This press release contains forward-looking statements. Words such as "hopes," "may," "expects," "anticipate," "will," and "outlook" and similar expressions identify forward-looking statements. These forward-looking statements are based on the current expectations of the company (including its subsidiaries). Because these forward-looking statements involve risks and uncertainties, the company's plans, actions and actual results could differ materially. Among the factors that could cause these plans, actions and results to differ materially from current expectations are:
(i) changes in automotive manufacturers' production rates and their actual and forecasted requirements for the company's products;
(ii) the overall highly competitive nature of the automotive parts industry, including pricing pressure from the company's OE customers and the loss of any awards of business, or the failure to obtain new awards of business, from our large customers, on which we are dependent for a substantial portion of our revenues; for example, Ford, from whom the company derived more than 10% of its 2006 net sales, announced in 2006 a plan to significantly reduce the number of its global suppliers.

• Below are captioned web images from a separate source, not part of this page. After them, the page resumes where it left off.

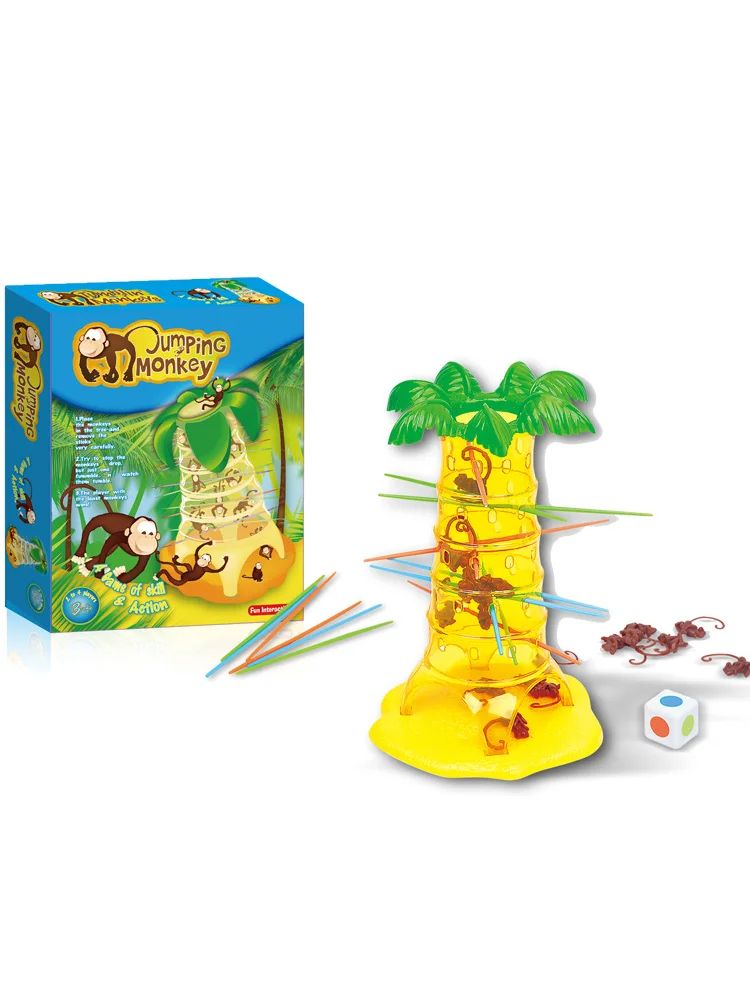 Monkey Children Games Multiplayer Tabletop Drop Down Game ParentChild Interactive Intelligence Toy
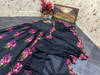 Presenting New Wedding Wear Black Gown with Fancy Border Dupatta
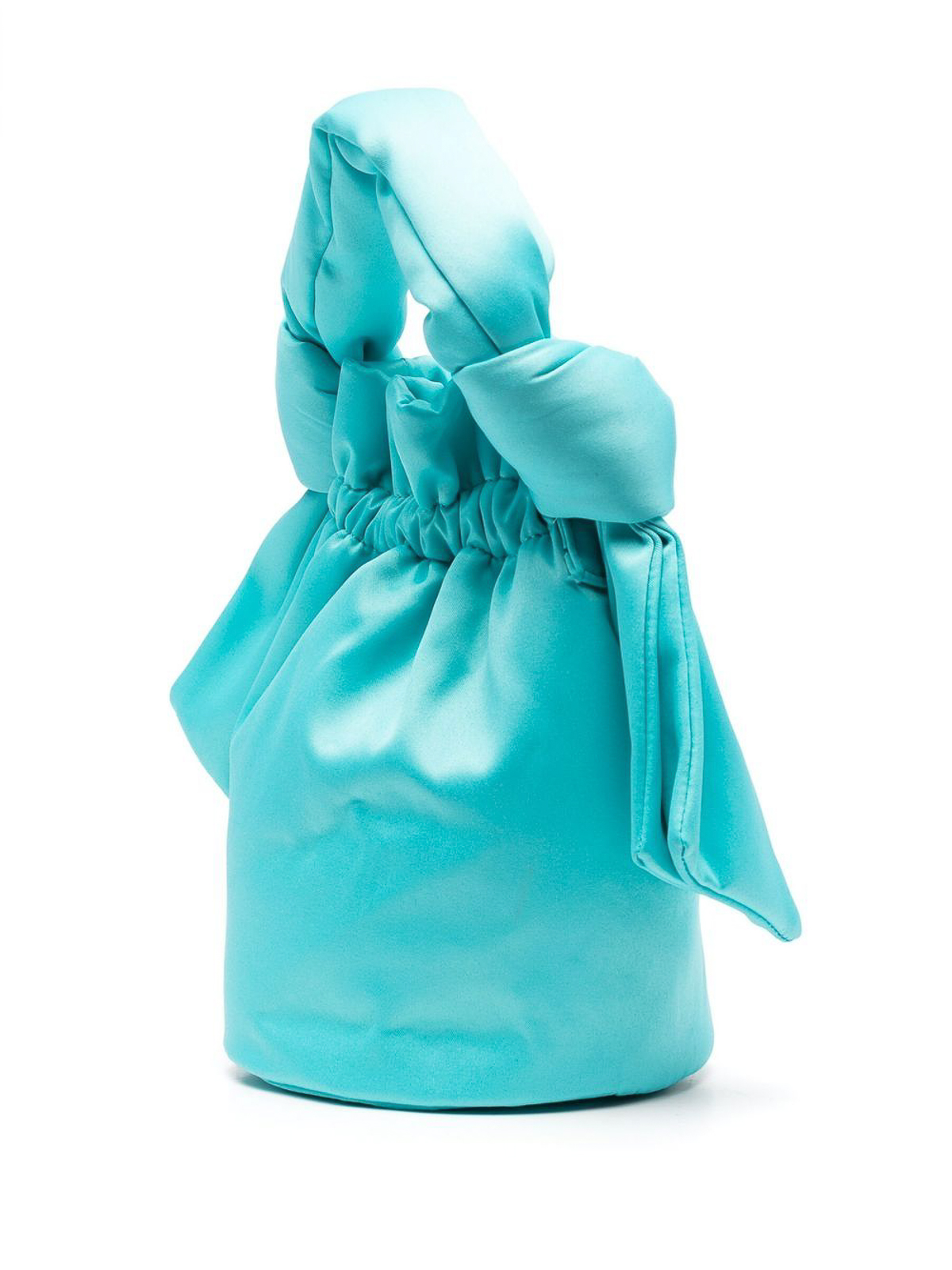 Ganni Knot bucket bag - Light Blue - Women|A4973759 | thebs.com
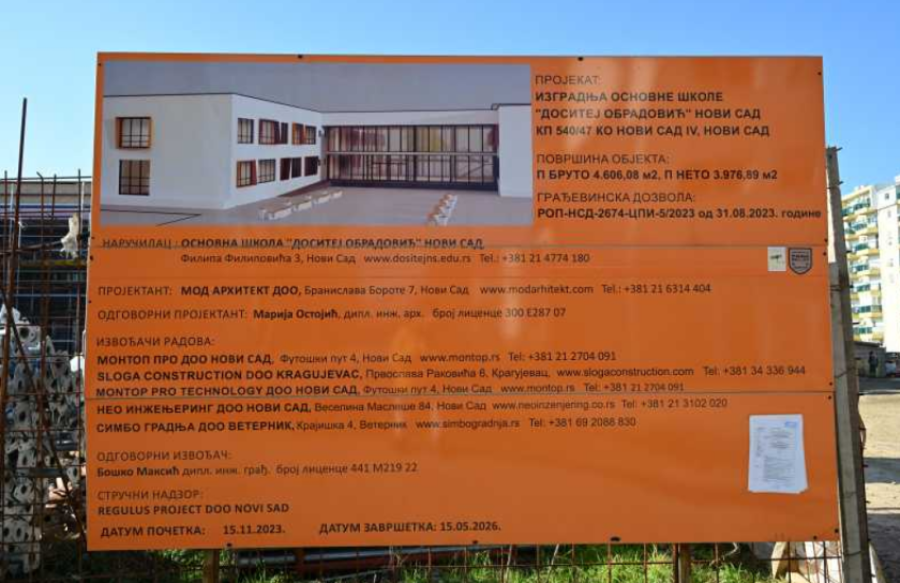 Uskoro nova osnovna škola u Novom Sadu: Radovi u punom jeku FOTO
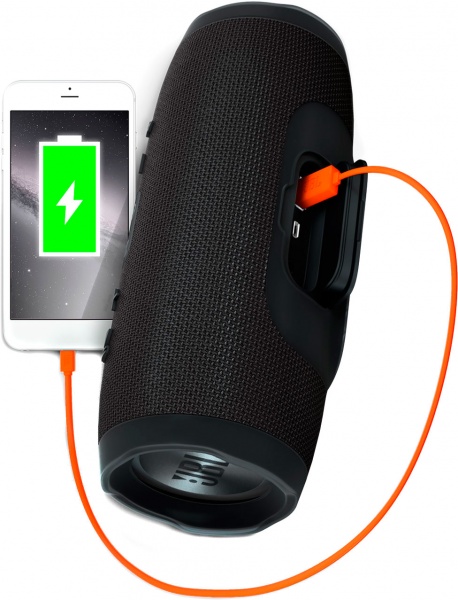 Портативна колонка JBL® Charge 3 2.0 black (JBLCHARGE3BLKEU)
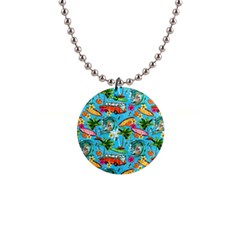 Summer Pattern Seamless 1  Button Necklace by Perong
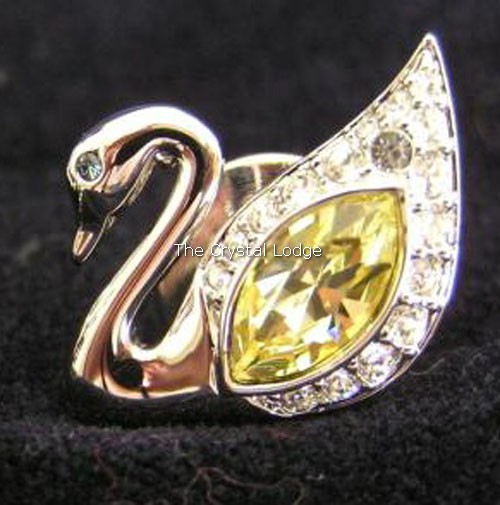 Swarovski_2004_Anna_swan_yellow_event_pin | The Crystal Lodge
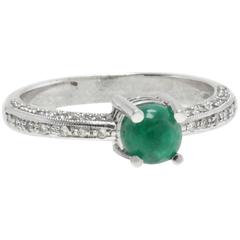 Luise Emerald Diamonds Gold Ring 3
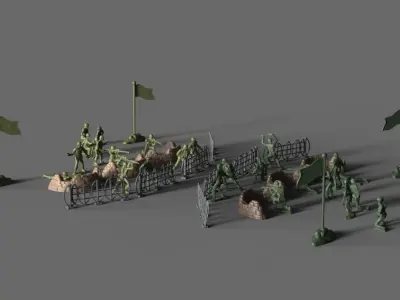 Green Army Miniatures 3D model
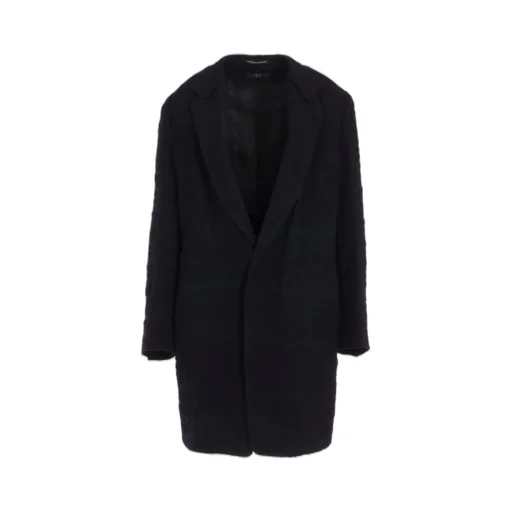 Milled Cotton Wool Plaid Jacket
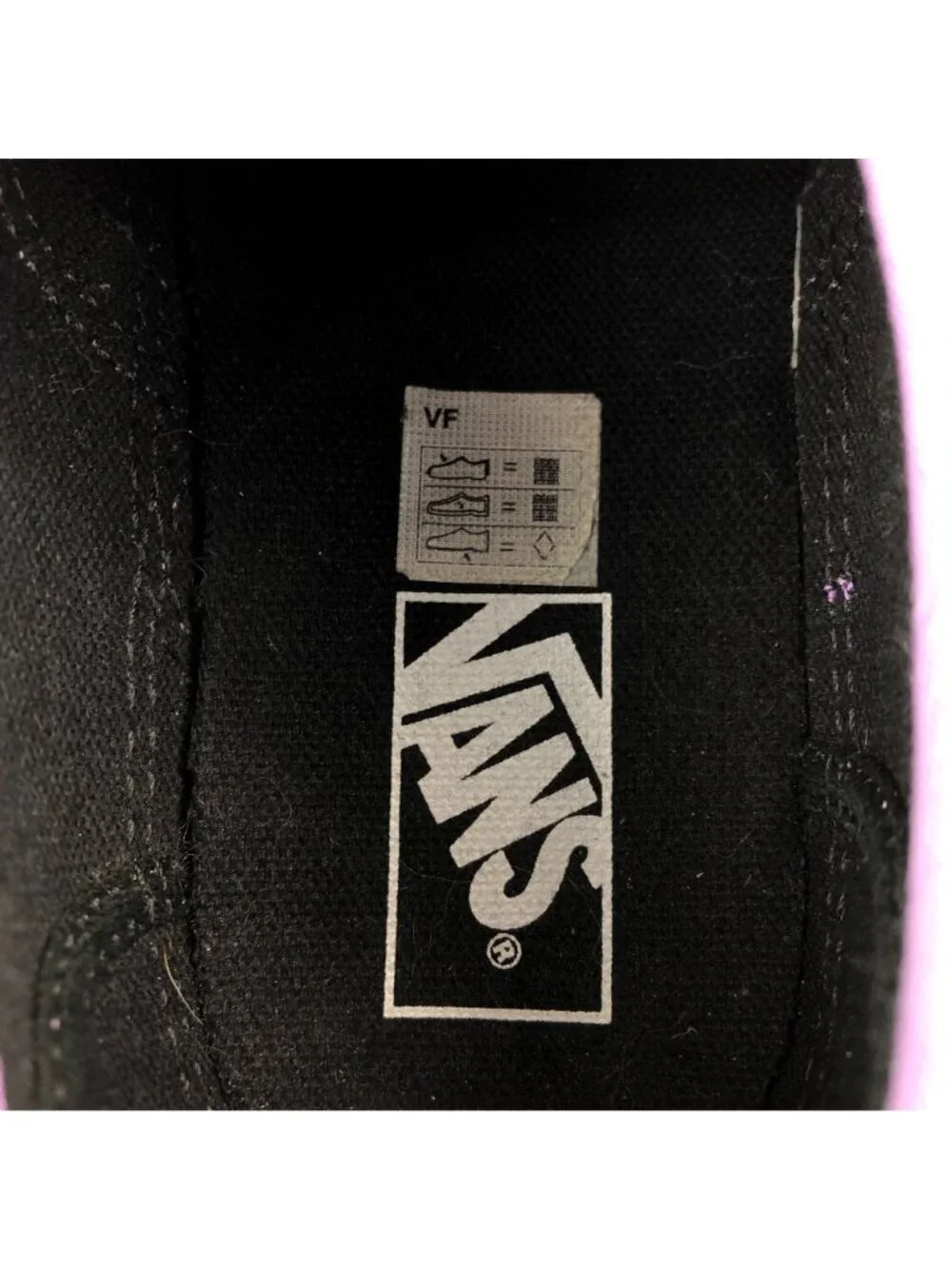 Vans Kids Size 3 Purple Glitter Closed Toe Lace-Up Skate Shoes Casual Sneakers
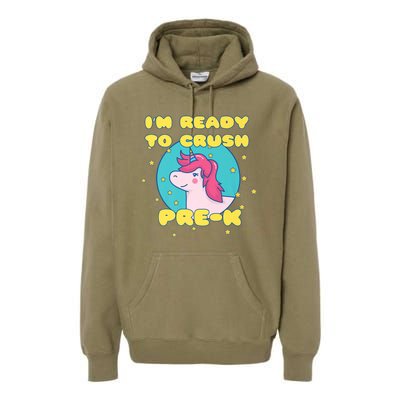 Im Going To Crush PreK Back To School Unicorn Star Premium Hoodie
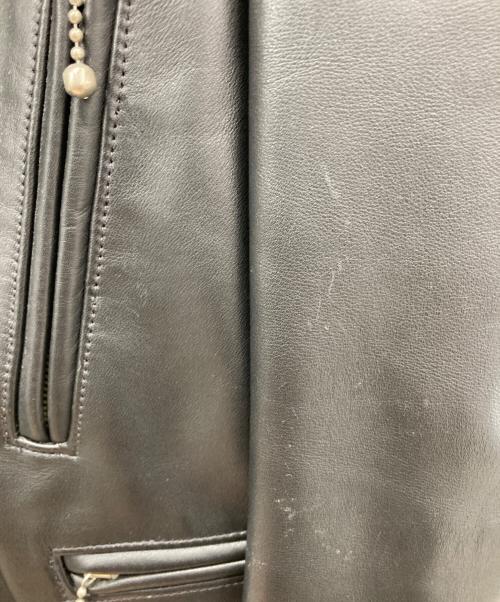 Lewis Leathers（ルイスレザース）Lewis Leathers (ルイスレザース) ライトニングレザーダブルライダースジャケット ブラック サイズ:36の古着・服飾アイテム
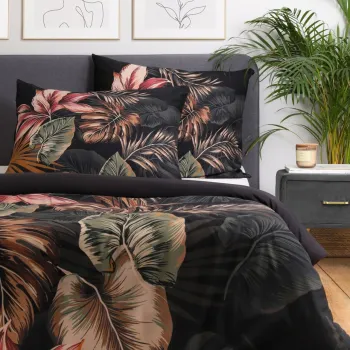 Lenjerie de pat dubla Fonce, Homla, 3 piese, 160x200 cm, microfibra din poliester, multicolor imagine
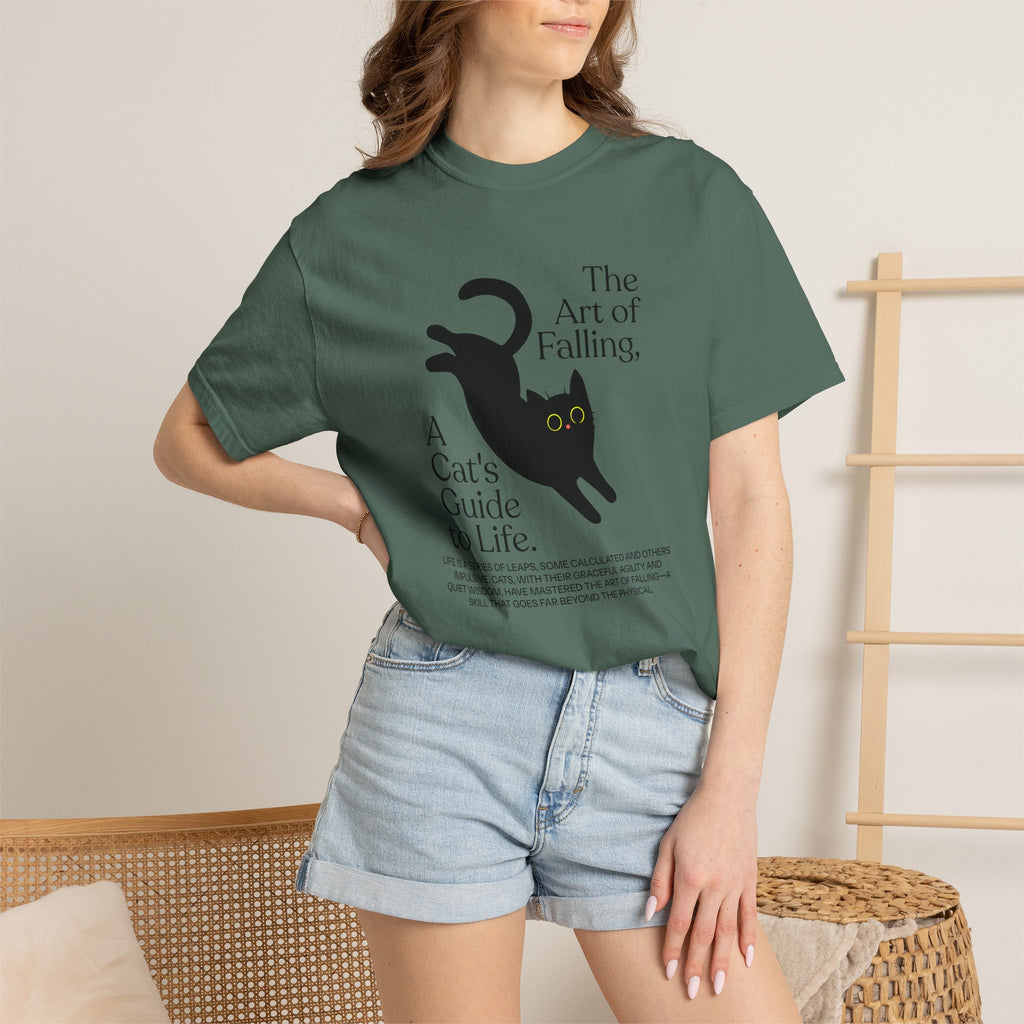 Cat "The Art of Falling" Graphic T-Shirt — A Cat’s Guide to Life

While the company currently believes that its relationship with Ford will not be impacted by this plan, any significant reduction in sales to Ford could have a material adverse effect on the company;
(iii) the company's resultant inability to realize the sales represented by its awarded book of business which is based on anticipated pricing for the applicable program over its life, and is subject to increases or decreases due to changes in customer requirements, customer and consumer preferences, and the number of vehicles actually produced by customers;
(iv) increases in the costs of raw materials, including the company's ability to successfully reduce the impact of any such cost increases through materials substitutions, cost reduction initiatives, customer recovery and other methods;
(v) the cyclical nature of the global vehicular industry, including the performance of the global aftermarket sector, and changes in consumer demand and prices, including longer product lives of automobile parts and the cyclicality of automotive production and sales of automobiles which include the company's products, and the potential negative impact on the company's revenues and margins from such products;
(vi) the company's continued success in cost reduction and cash management programs and its ability to execute restructuring and other cost reduction plans and to realize anticipated benefits from these plans;
(vii) the general political, economic and competitive conditions in markets and countries where the company and its subsidiaries operate, including the strength of other currencies relative to the U.S. Dollar and currency fluctuations and other risks associated with operating in foreign countries;
(viii) governmental actions, including the ability to receive regulatory approvals and the timing of such approvals;
(ix) changes in capital availability or costs, including increases in the company's costs of borrowing (i.e., interest rate increases), the amount of the company's debt, the ability of the company to access capital markets and the credit ratings of the company's debt;
(x) the cost and outcome of existing and any future legal proceedings, and compliance with changes in regulations, including environmental regulations;
(xi) workforce factors such as strikes or labor interruptions;
(xii) the company's ability to develop and profitably commercialize new products and technologies, and the acceptance of such new products and technologies by the company's customers and the market;
(xiii) further changes in the distribution channels for the company's aftermarket products, further consolidations among automotive parts customers and suppliers, and product warranty costs;
(xiv) changes by the Financial Accounting Standards Board or other accounting regulatory bodies to authoritative generally accepted accounting principles or policies;
(xv) acts of war, riots or terrorism, including, but not limited to the events taking place in the Middle East, the current military action in Iraq and the continuing war on terrorism, as well as actions taken or to be taken by the United States or other governments as a result of further acts or threats of terrorism, and the impact of these acts on economic, financial and social conditions in the countries where the company operates; and
(xvi) the timing and occurrence (or non-occurrence) of transactions and events which may be subject to circumstances beyond the control of the company and its subsidiaries.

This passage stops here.